Définir des missions claires, adaptées à la taille et au secteur
- S’assurer que le comité ne soit pas une coquille vide : il doit traiter des sujets concrets (prévention des risques, validation des politiques internes, gestion des alertes, suivi réglementaire, revue des incidents).
- Définir un périmètre : pilotage anti-fraude/corruption, conformité RGPD, gestion de conflits d’intérêts, etc.
- Fixer la fréquence des réunions (trimestrielle, voire semestrielle pour PME), avec ordre du jour formalisé, indicateurs suivis, et responsabilisation claire des membres.
La composition du comité : entre indépendance et pragmatisme
- Impliquer, outre le dirigeant ou DAF, un membre indépendant (externe ou consultant) pour crédibiliser les travaux et rassurer l’extérieur.
- Associer parfois des fonctions clés (RH, IT, juridique), voire un représentant salarié selon la taille.
- Éviter le syndrome du « comité de complaisance » : chaque membre doit être formé et impliqué, pas juste présent pour la forme.
Routines et documentation clé
- Modèle d’agenda type : points obligatoires (revue des incidents, validation des nouveaux process, suivi des plans d’action règlementaires).
- Traçabilité des réunions : comptes rendus signés, tableau de suivi des actions, mention des points de vigilance.
- Documentation à préparer pour l’audit de cession : cartographie des risques, registres de conformité, journal des alertes et incidents, politique éthique signée par le management.
Pièges fréquents et signaux faibles à ne pas sous-estimer
Les erreurs à éviter
- Comité inexistant ou purement formel, désactivé dans les faits.
- Membres sans formation ni légitimité sur les sujets de compliance.
- Incapacité à prouver la réalité des travaux lors de la due diligence (« paper committee »).
Signaux faibles révélateurs d’une faiblesse structurelle
- Absence de reporting régulier sur les risques ou incidents
- Alertes d’employés non traitées ou minimisées
- Pratiques de « petits arrangements » tolérées au quotidien
- Dossiers RH ou juridiques incomplets
Le défaut de maturité gouvernance/compliance est perçu, lors d’une cession, comme révélateur d’une organisation fragile, voire risquée. Le sujet n’est pas réservé aux « grosses boîtes », mais peut (et doit) être adapté au contexte PME/ETI.

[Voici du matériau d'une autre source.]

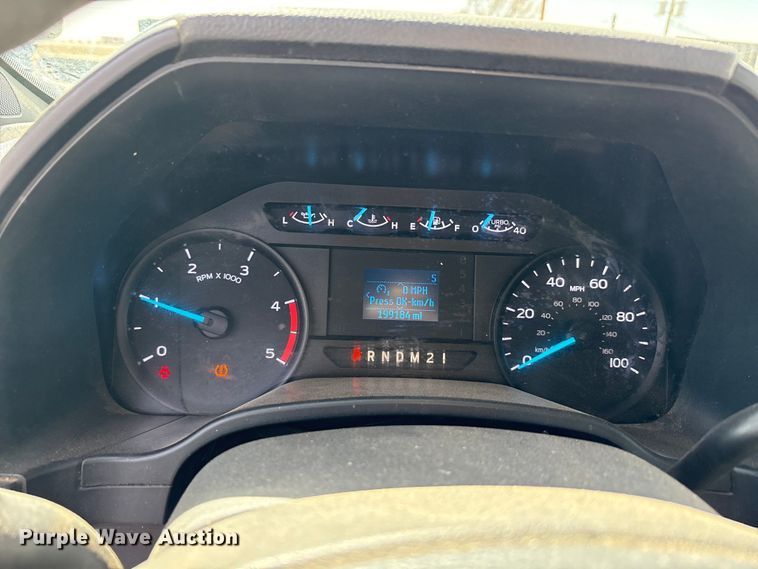 image for item EU0361 2019 Ford F250 Super Duty Crew Cab pickup truck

Le comité d’éthique & compliance comme actif immatériel dans l’audit de cession
Quels impacts lors d’un audit vendeur ?
- Valorisation mieux défendable grâce à la maîtrise des risques
- Réduction du risque de remise en cause a posteriori (earn-out, garanties, contentieux…)

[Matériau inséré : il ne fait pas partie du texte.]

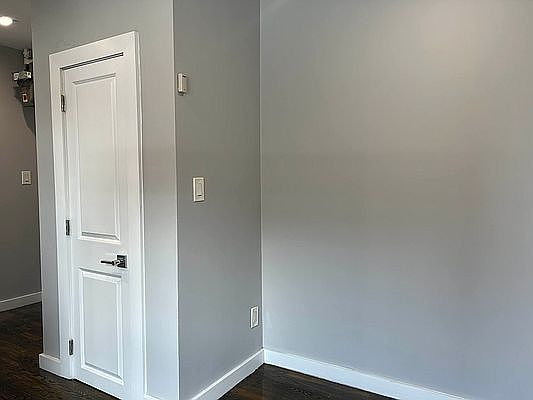 5th image of 413 E 114th St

- Meilleure transmission des processus lors du passage de relais
Vers une culture de la compliance au service de la pérennité
L’enjeu n’est pas de « cocher une case » RSE ou éthique pour impressionner ; il est de professionnaliser la structure, d’anticiper les attentes d’investisseurs/de repreneurs, et d’ancrer des réflexes de compliance au quotidien.
La culture d’éthique n’est crédible que si elle se concrétise par des routines, des outils, et un engagement visible du dirigeant.

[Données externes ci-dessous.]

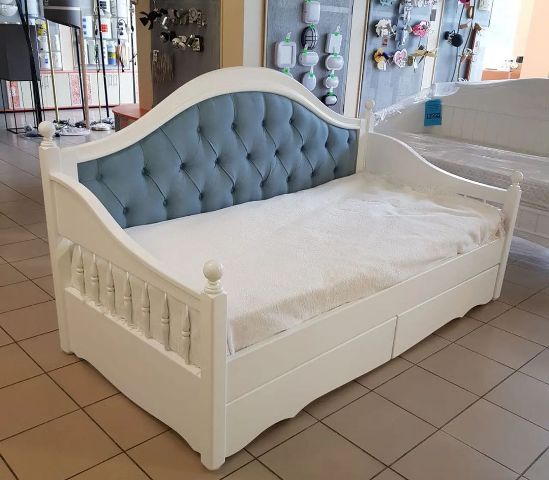 Классический диванчик-кровать Принцесса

Modèles et outils pour formaliser votre comité
- Exemples d’ordres du jour : revue des politiques, analyse des incidents, suivi des indicateurs clefs
- Checklists des documents à intégrer dans la data room
- Modèle de registre des risques et d’alerte pour PME
- Fiches de mission pour chaque membre du comité
Intégrer un comité d’éthique & compliance n’est plus « un luxe », mais un gage de professionnalisation et de résilience face aux attentes du marché. C’est un levier différenciant, valorisé lors d’une cession ou d’une levée, et désormais accessible même à des structures de taille intermédiaire.